1 2 Previous Next 19 Replies Latest reply on Mar 11, 2008 10:29 AM by timfox

    messages stuck in queues

    martin.wickus

      we upgraded from the following:

      JBoss Messaging 1.4.0.GA
      JBoss Remoting 2.2.2.SP1

      to:

      JBoss Messaging 1.4.0.SP3
      JBoss Remoting 2.2.2.SP4

      Suddenly, under load we are getting messages stuck in queues.

        • 1. Re: messages stuck in queues
          martin.wickus

          exact builds using:

          JBM: Specification-Version: 1.4.0.SP3
          Implementation-Version: 1.4.0.SP3 (build:CVSTag=JBossMessaging_1_4_0_ SP3_CP01 date=200712141423)

          JBR:
          Specification-Version: 2.2.2.SP4
          Implementation-Version: 4.3.0.GA (build: VNTag=JBPAPP_4_3_0_GA date=200801031548)

          I can see my consumer count is 1, thus a consumer is definately active. The queue also has an expiry queue configures, so it is queries that my messages aren't getting expired after the 60 seconds I configure them to be.

          The messages are all non-persistent.



          • 2. Re: messages stuck in queues
            timfox

            Hello Wickus-

            Can you ensure that you upgraded to remoting 2.2.2.SP4 on both client and server side?

            We had a few issues reported that sounded like this when remoting wasn't upgraded to 2.2.2SP4 everywhere in the system. Remoting 2.2.2.SP4 is not compatible with earlier versions.
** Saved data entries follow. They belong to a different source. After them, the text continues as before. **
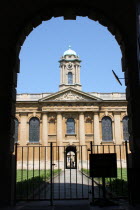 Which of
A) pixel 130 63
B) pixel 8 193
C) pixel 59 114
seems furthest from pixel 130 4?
pixel 59 114

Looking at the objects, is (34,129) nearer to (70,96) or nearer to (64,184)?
(70,96)

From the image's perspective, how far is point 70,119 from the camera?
36.6 m

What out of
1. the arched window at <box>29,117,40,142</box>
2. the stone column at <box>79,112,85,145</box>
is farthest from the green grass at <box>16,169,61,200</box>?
the arched window at <box>29,117,40,142</box>

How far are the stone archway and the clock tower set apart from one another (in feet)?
118

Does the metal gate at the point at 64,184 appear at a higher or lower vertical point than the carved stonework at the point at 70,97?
lower

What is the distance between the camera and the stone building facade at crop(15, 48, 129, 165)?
35688mm

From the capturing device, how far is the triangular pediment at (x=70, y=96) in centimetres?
3672

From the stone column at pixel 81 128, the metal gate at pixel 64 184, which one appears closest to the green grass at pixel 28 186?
the metal gate at pixel 64 184

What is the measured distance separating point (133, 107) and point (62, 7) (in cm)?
294

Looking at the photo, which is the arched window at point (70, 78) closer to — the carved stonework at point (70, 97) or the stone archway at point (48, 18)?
the carved stonework at point (70, 97)

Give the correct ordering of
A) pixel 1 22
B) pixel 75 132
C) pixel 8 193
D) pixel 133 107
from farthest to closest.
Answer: pixel 75 132
pixel 1 22
pixel 133 107
pixel 8 193

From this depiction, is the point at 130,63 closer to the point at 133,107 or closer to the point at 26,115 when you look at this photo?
the point at 133,107

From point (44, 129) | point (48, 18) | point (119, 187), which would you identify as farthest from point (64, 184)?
point (44, 129)

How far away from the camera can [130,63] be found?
6.09m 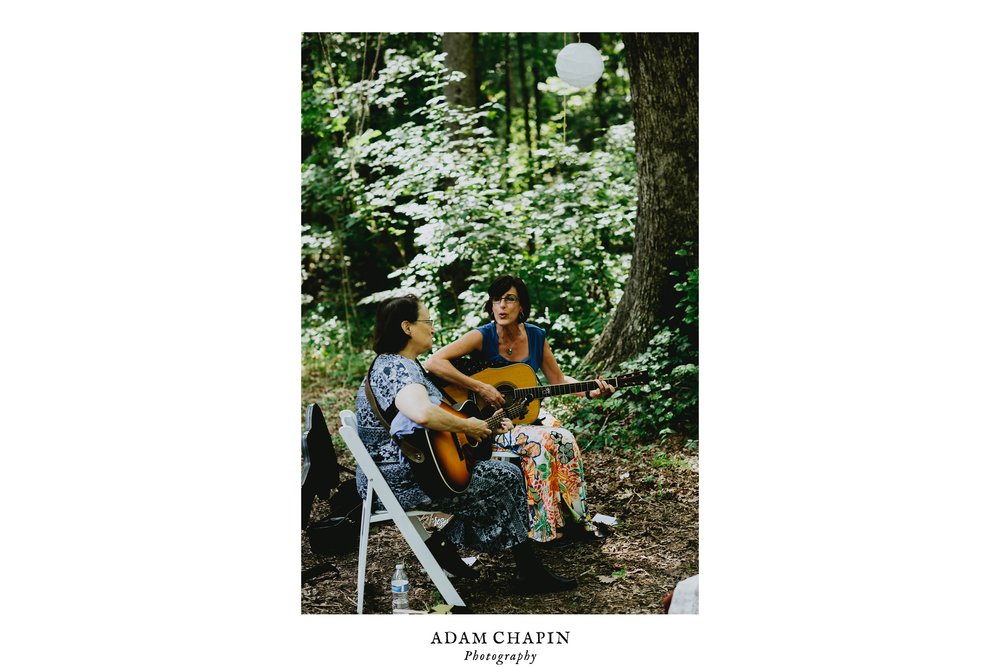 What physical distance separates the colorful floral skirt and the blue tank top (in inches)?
11.0

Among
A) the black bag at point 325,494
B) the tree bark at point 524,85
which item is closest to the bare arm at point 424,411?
the black bag at point 325,494

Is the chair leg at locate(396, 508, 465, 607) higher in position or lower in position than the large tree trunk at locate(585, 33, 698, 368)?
lower

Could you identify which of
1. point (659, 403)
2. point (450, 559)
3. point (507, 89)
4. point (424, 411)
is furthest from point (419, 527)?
point (507, 89)

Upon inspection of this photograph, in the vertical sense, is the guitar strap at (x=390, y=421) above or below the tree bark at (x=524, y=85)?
below

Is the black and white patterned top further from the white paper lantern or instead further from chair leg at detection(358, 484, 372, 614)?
the white paper lantern

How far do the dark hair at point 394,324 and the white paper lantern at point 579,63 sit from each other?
154cm

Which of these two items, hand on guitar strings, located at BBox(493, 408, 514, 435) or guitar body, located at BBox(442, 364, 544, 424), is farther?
guitar body, located at BBox(442, 364, 544, 424)

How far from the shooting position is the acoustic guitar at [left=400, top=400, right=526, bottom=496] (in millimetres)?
3143

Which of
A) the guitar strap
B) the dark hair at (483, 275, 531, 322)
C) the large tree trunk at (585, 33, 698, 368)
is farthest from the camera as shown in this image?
the large tree trunk at (585, 33, 698, 368)

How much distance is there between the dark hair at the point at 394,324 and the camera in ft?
10.5

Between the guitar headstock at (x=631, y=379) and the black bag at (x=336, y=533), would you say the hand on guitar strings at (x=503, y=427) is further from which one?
the black bag at (x=336, y=533)

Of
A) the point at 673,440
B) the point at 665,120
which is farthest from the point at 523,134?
the point at 673,440

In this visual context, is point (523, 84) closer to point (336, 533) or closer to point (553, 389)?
point (553, 389)

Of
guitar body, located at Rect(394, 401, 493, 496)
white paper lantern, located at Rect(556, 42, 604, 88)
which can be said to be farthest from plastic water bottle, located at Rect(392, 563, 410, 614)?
white paper lantern, located at Rect(556, 42, 604, 88) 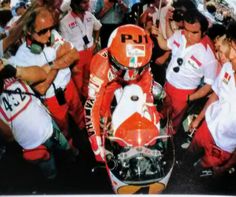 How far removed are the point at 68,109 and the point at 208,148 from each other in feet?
2.06

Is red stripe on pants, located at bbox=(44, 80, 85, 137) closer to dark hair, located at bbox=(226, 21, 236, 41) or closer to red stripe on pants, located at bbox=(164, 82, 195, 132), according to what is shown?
red stripe on pants, located at bbox=(164, 82, 195, 132)

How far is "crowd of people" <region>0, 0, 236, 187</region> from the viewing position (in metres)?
2.11

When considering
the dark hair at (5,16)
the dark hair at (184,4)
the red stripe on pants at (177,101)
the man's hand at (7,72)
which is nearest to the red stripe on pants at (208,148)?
the red stripe on pants at (177,101)

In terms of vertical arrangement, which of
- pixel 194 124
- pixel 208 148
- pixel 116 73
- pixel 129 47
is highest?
pixel 129 47

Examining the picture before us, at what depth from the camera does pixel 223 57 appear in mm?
2215

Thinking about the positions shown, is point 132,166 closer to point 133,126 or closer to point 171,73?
point 133,126

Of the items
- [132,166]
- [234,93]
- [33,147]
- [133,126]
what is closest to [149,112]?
[133,126]

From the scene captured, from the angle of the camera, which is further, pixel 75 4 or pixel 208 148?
pixel 208 148

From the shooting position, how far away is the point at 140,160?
212cm

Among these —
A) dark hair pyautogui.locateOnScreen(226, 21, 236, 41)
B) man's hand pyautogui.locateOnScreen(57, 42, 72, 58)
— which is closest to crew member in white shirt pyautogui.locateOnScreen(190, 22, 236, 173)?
dark hair pyautogui.locateOnScreen(226, 21, 236, 41)

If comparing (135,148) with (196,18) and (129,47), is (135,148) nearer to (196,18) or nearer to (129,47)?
(129,47)

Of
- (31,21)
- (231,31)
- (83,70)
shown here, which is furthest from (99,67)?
(231,31)

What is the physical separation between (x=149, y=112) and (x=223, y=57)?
390 mm

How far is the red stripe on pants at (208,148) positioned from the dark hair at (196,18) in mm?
412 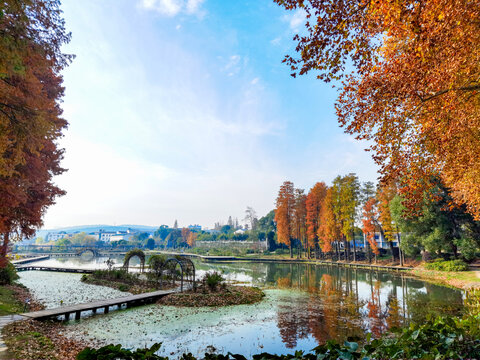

            • 3. Re: messages stuck in queues
              martin.wickus

              Hi. The clients were using the following libraries:

              JBM: Implementation-Version: 4.3.0.GA (build: SVNTag=JBPAPP_4_3_0_GA date=200801031548). This taken from EAP 4.3\client
              JBR: Implementation-Version: 4.3.0.GA (build: SVNTag=JBPAPP_4_3_0_GA date=200801031548). This taken from EAP 4.3\client

              • 4. Re: messages stuck in queues
                martin.wickus

                We rolled back to the old libraries and config files and all is working fine. However, for those following this thread, would like to point out I'm not convinced this is a bug in JBM. We might have made a couple of mistakes during out deployment. Email thread posted for public interest:

                Just a bit of background.

                We've been running with EAP 4.2 and JBM 1.4.0.GA for a while. I'm quite aware this is not the environment supported by Red Hat, but this is what we have and we've been on a steady path to becoming 100% compliant: We were running JBoss 4.2.1 GA and ActiveMQ, replaced ActiveMQ with JBM and then took on Red Hat support. At this point we upgraded to JBoss EAP 4.2 (but kept JBM in place). I've been working on a branch running JBoss EAP 4.3 and the default configured JBM 1.4.0.SP3, however this is not yet deployed into production. We had a couple of issue with JBM 1.4.0.GA (or really JBoss Remoting I should say) which was sorted out by using a slightly modified version of the remoting-biscoket-service.xml that bundles with JBM 1.4.0.SP3. Please note we were still at this time using the JBM 1.4.0.GA libraries. However, as JBM 1.4.0.SP3 is the stable release, we heeded a suggestion by Red Hat and decided to upgrade. That's when the problem occurred.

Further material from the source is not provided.